A couple of months ago, when Matt was offered a plum new role at a video-game studio in London, I immediately dismissed the idea. Sure, it was our dream to live overseas and explore more of the world. It was even in our wedding vows. But when we had Dexter, I mentally shut the gate on that path. We’d assembled our adopted Orlando Family and were looking for bigger houses in the best school districts. Besides, they were only offering a pittance for the move. No, we’d stay here as planned.
But then they offered more, and more, and it was clear that not only was this financially viable, but they really wanted Matt as part of their team and it would be a wonderful boost to his career. So every day for a week, we discussed. My pros and cons lists became complicated, with items weighted differently, copious footnotes and hourly edits. Make no mistake: The only reason the decision was so difficult is because of Orlando, its people and its charm. It is our home, and I couldn’t believe we were considering leaving it.

But that is the decision we made.

Ultimately, we determined we simply could not turn down the opportunity to show Dexter more of the world. We’d move to London so our family could learn and grow and explore.
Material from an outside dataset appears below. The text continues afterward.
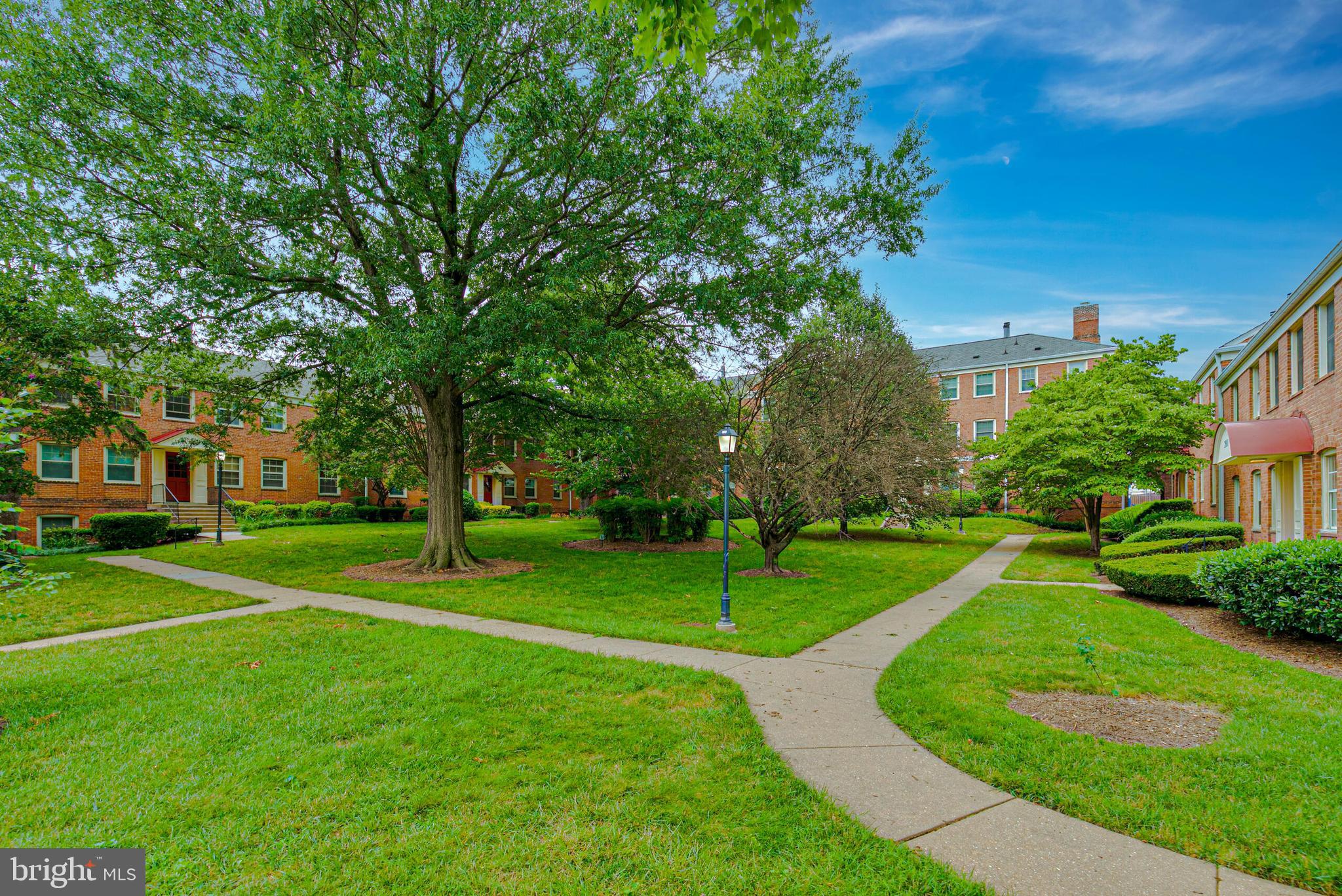 CAMBRIDGE COURTS - Residential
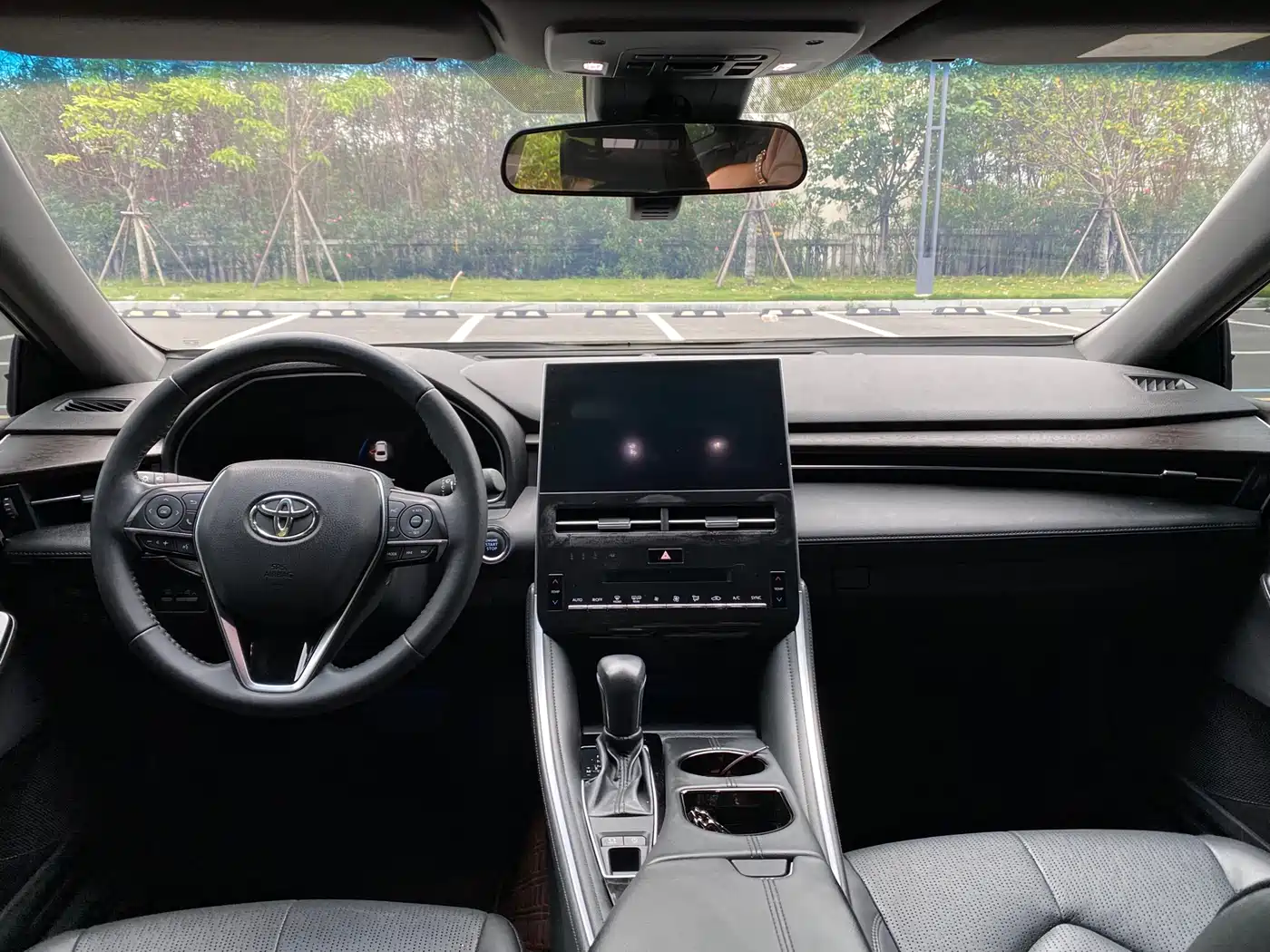 Toyota Avalon 2023 2.0L Luxury Edition фото 5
A few days after we made our decision, the Pulse shootings happened. I’m not sure most people are aware of how unusual Watermark is, but independently owned niche publications are incredibly rare, and it’s a testament to the dedication of the staff that Watermark has grown and thrived for nearly 25 years. After the shootings, Team Watermark achieved the impossible and pulled together to create content that I will be proud of for the rest of my life. The experience was horrible, transcendent, and a great, great privilege.

After that, handing over the resignation letter was one of the hardest things I’ve ever had to do.

I know, everyone says this as they’re leaving, but I mean it: I hope this is not goodbye, but instead, see you later. I’ve already pitched several stories to Watermark and I hope to continue to write for this community, because Orlando isn’t just generous and brave and loving – it’s inspiring. You’ve inspired me for eight years and will continue to do so from afar.

Thank you. I’ll miss you. I love you.